Ogni trailer è volto a promuovere il film mediante strategie che possono risultare più o meno funzionali a seconda dell’onestà o della subdola aspettativa che creano. Per tale ragione l’autocoscienza dello spettatore spesso s’inganna nel credere di avere il coltello dalla parte del manico quando pretende un giudizio, che spesso è più facile tanto più è errato. Ha forse senso pensare che il lasciare intendere abbia insito un che di ammiccante e di utile ai fini promozionali.
D’altra parte una chiarezza inerente al genere e alle atmosfere, implica la garanzia di raggiungere il target di pubblico già prefissato.
I trailer migliori sono dunque allusivi ed onesti, promettenti e pure in grado di saziare (anche se non del tutto) la curiosità necessaria al fine di spingere il pubblico all’esodo verso il grande schermo. E il 23 novembre il grande schermo italiano ospiterà Il libro di Henry, terzo lungometraggio del regista statunitense Colin Trevorrow.
Dal trailer una realtà emerge senz’ombra di dubbio: la qualità degli attori.
Virtuosa promessa che non viene di certo smentita nel film, grazie dalle straordinarie interpretazioni dei protagonisti: la madre single dagli atteggiamenti adolescenziali (Naomi Watts) che vive con il figlio Henry (Jaeden Lieberher), giovane prodigio che si prende cura di lei e del fratello minore Peter (Jacob Tremblay).
E se i personaggi principali appaiono profondi e verosimili, i comprimari non sono da meno, grazie a un Dean Norris che si riconferma credibile nei panni dell’agente di polizia, ai quali sa offrire ben altre accezioni.
Altro discorso per quanto concerne la trama che viene spiegata nel trailer senza esser però mai chiarita, abbandonando lo spettatore disorientato e confuso, su un talamo di dubbi e domande che possono esser placate soltanto con la visione del film.
I dialoghi del lungometraggio risultano nettamente superiori rispetto a ciò che ci si aspetterebbe dall’assaggio promozionale, meravigliando per la profondità dei contenuti e grazie alla fluidità nella verosimiglianza.
Ciò che però risulta più fraudolento è l’aderenza al genere millantato.
Il libro di Henry viene spacciato da film per famiglie, drammatico si, ma che scade nel thriller per trattar la tematica dell’abuso.
E forse lo è, tutto questo.
La famiglia è centrale, ma nel dramma, non nel riso.
Il thriller vive (e scade) nella funzione puramente estetica, poiché non perviene nessuna caratteristica del genere.

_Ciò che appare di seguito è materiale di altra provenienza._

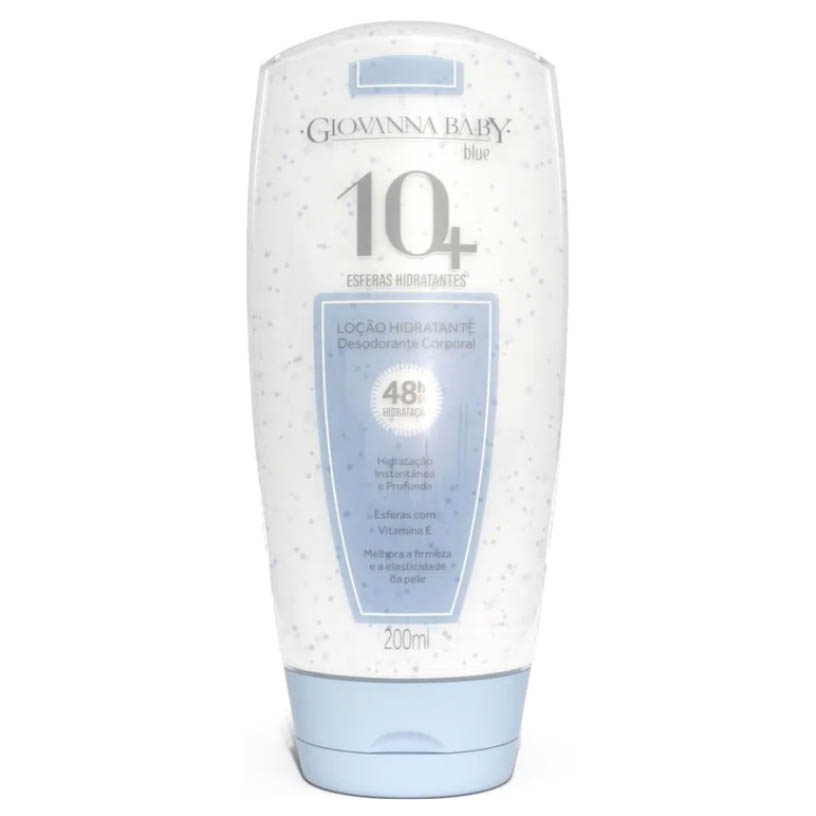 LOCAO HIDRATANTE 10+ 200ML BLUE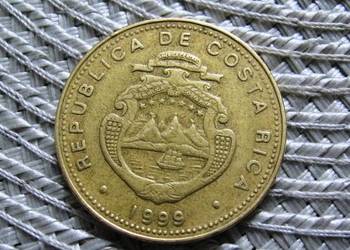 Kostaryka 100 Colones 1999r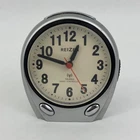Reizen Talking Radio-controlled Battery Operated Clock Beige Face Used. Price: $27.29.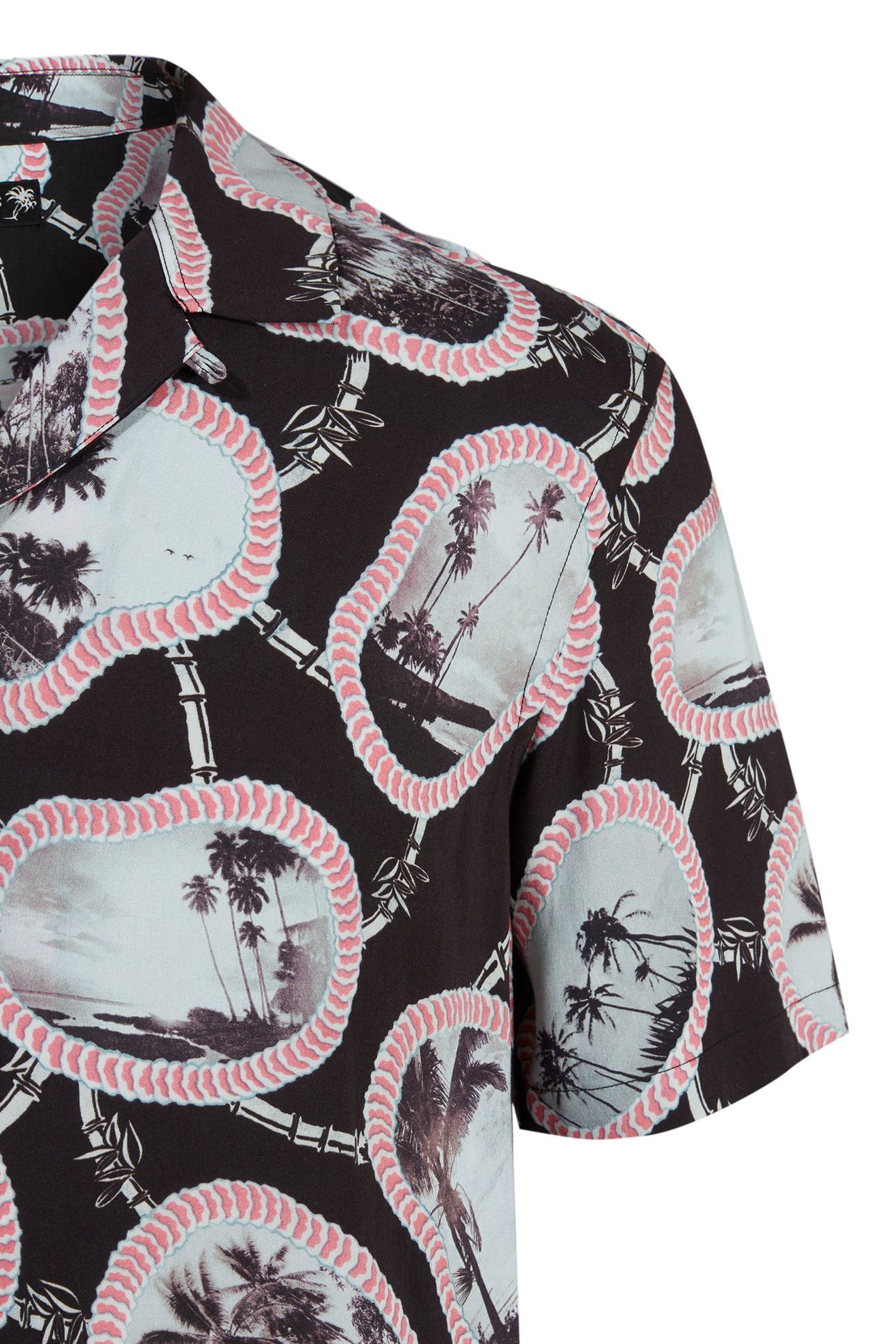 ISLANDZ SS SHIRT JET BLACK 4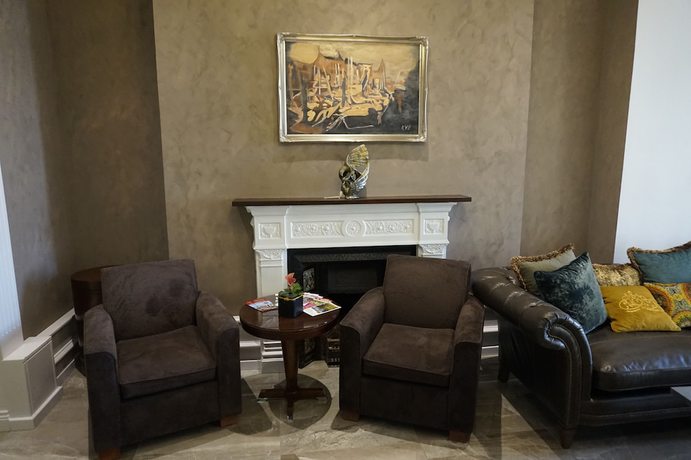 Imagen del bar/restaurante del Hotel Halvard. Foto 2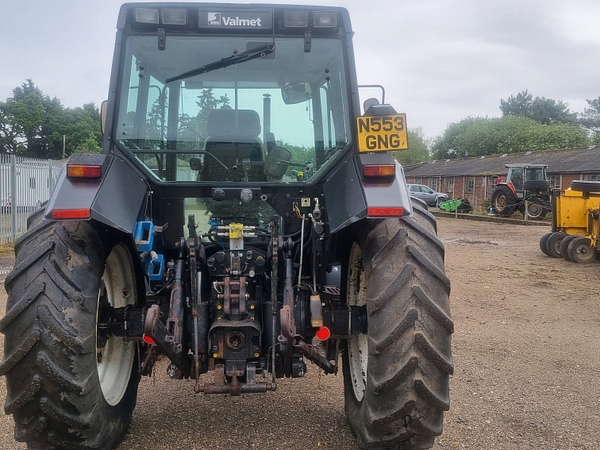 Chris Atkin & Son Ltd - Valmet 6600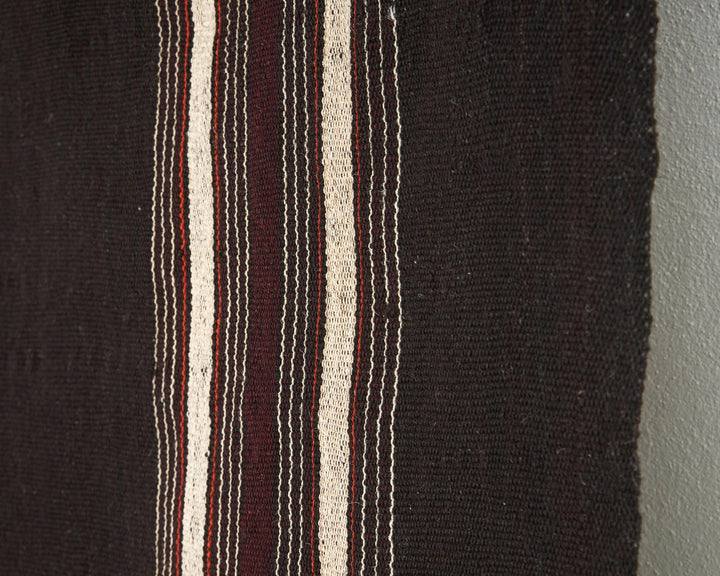 Brown Kilim Rug 4' 10" x 6' 7" | No. VR67230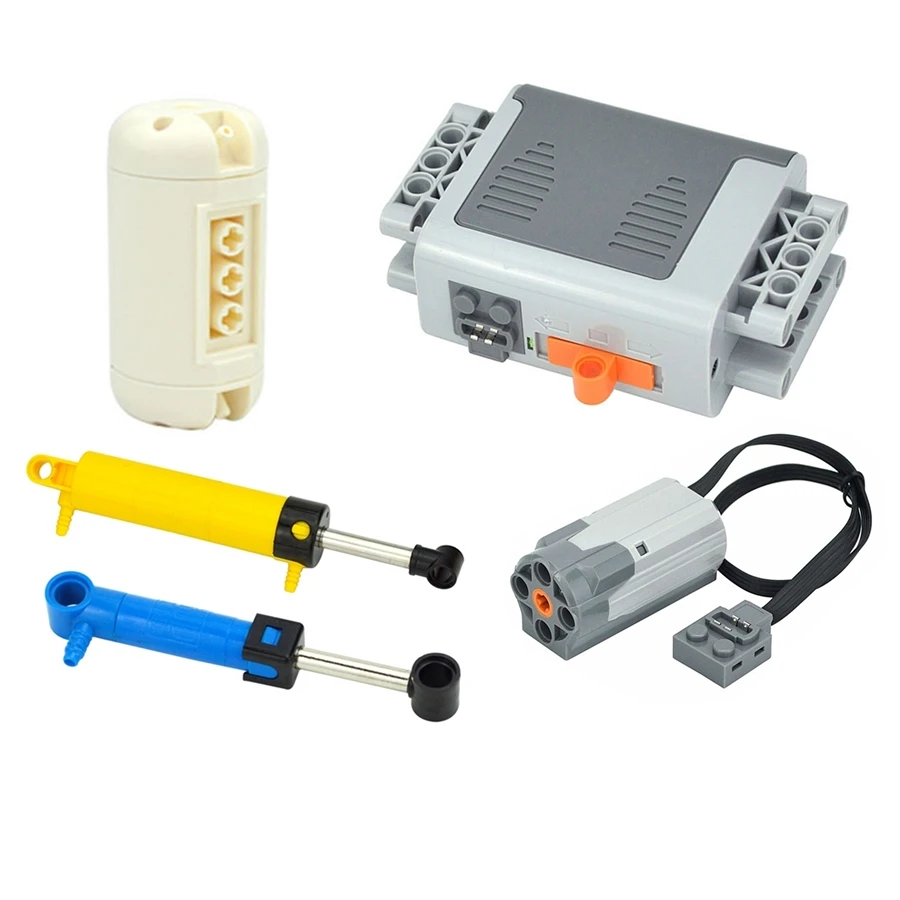 自動電気圧縮機ビルディングブロック,空気圧エアタンクロボット - Power Tools Lego のレビューと価格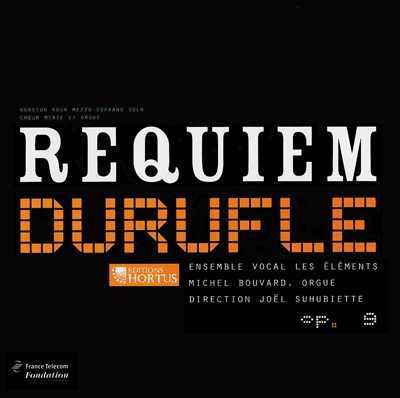 CD - Requiem Duruflé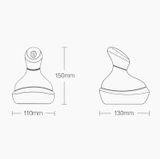  Máy mát xa da đầu bằng điện thông minh 3D Máy mát xa da đầu (Trắng) 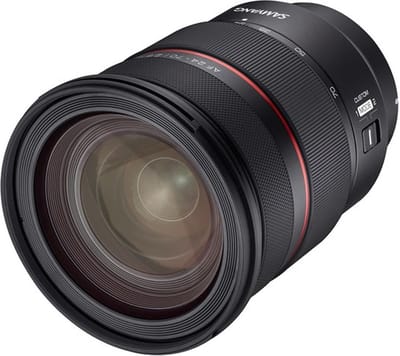 Samyang - AF 24-70mm f/2.8 Sony FE - Opzetlens - Objectief - Cameralens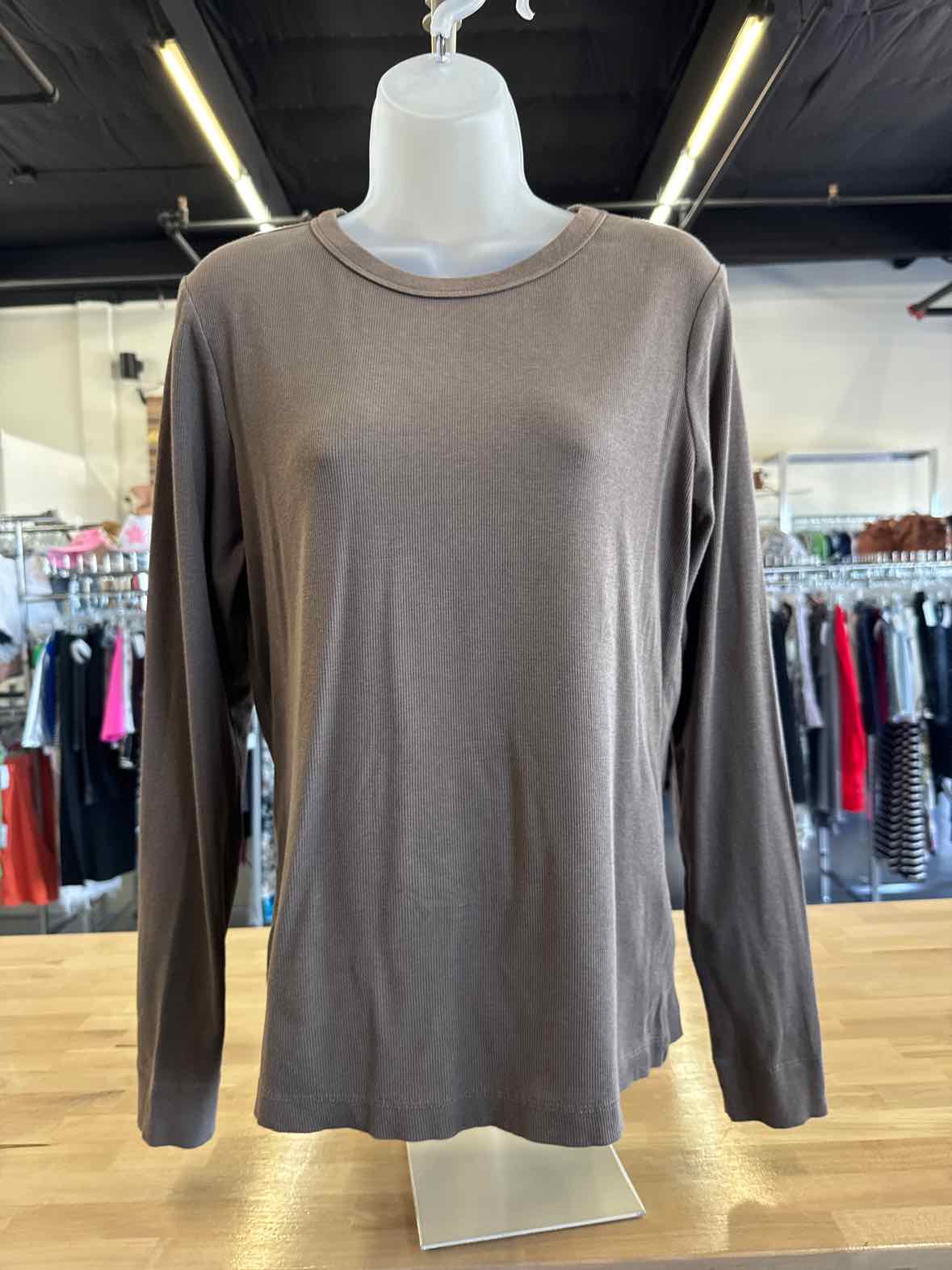 H&M Size XL Brown Long Sleeve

Ma di dramma si parla ed il dramma è reale.
Il libro di Henry è un film che afferra lo spettatore per le viscere e che lo tiene sospeso nel corso del suo minutaggio e ben oltre.
Lo fa per lasciare un’eredità, forse scontata, ma certo non futile.
Un’eredità nei confronti della quale, cari pubblicitari, lo spettatore informato può non esser pronto.